**EXERCISE DETAILS**
Beginning with the line containing "Alright guys, welcome" and ending with the line containing "This video describes", write out each line of the records below exactly; pictures and lines outside that range are left out.

----------------

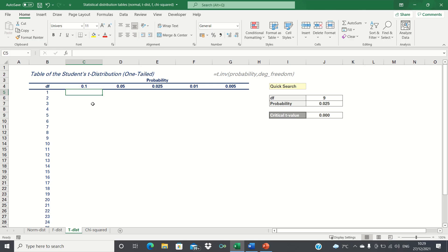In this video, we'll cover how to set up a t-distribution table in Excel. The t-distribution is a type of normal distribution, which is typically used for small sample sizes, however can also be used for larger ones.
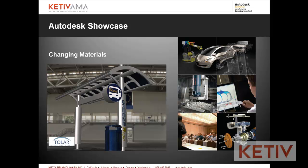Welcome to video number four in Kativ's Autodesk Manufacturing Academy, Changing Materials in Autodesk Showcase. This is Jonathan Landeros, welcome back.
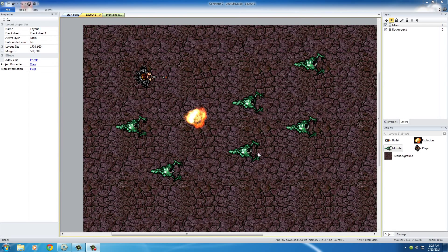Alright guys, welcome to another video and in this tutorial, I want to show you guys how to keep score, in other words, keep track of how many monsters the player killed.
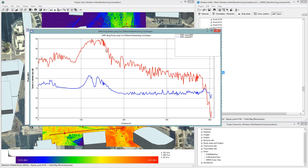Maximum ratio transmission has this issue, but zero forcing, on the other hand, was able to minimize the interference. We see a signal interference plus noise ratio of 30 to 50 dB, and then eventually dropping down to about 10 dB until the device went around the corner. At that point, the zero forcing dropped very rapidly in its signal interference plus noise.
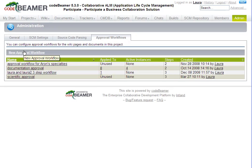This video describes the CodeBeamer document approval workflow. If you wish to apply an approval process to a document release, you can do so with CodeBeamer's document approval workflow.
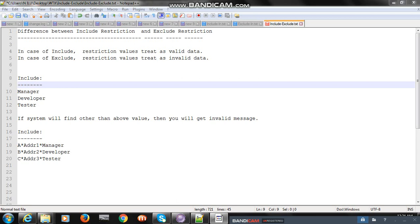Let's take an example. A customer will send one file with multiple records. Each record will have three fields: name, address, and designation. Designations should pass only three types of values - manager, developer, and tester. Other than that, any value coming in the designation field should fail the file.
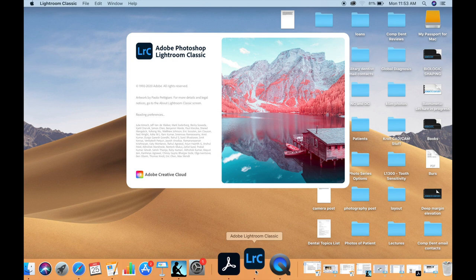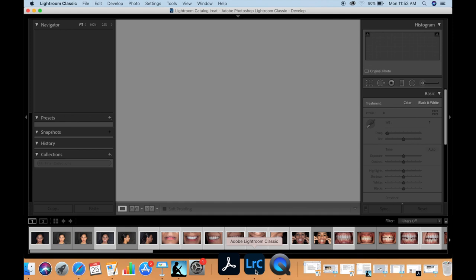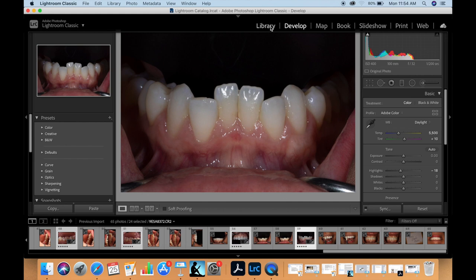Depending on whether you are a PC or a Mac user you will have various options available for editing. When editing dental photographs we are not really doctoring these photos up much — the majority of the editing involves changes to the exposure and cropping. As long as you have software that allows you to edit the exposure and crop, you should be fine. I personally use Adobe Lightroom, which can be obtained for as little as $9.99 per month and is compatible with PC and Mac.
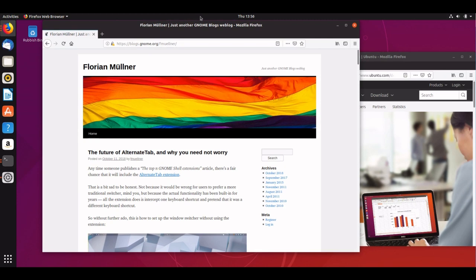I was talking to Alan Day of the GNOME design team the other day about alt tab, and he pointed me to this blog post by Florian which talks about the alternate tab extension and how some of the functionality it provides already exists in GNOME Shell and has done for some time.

----------------

**ANSWER SPACE**
Alright guys, welcome to another video and in this tutorial, I want to show you guys how to keep score, in other words, keep track of how many monsters the player killed.
Maximum ratio transmission has this issue, but zero forcing, on the other hand, was able to minimize the interference. We see a signal interference plus noise ratio of 30 to 50 dB, and then eventually dropping down to about 10 dB until the device went around the corner. At that point, the zero forcing dropped very rapidly in its signal interference plus noise.
This video describes the CodeBeamer document approval workflow. If you wish to apply an approval process to a document release, you can do so with CodeBeamer's document approval workflow.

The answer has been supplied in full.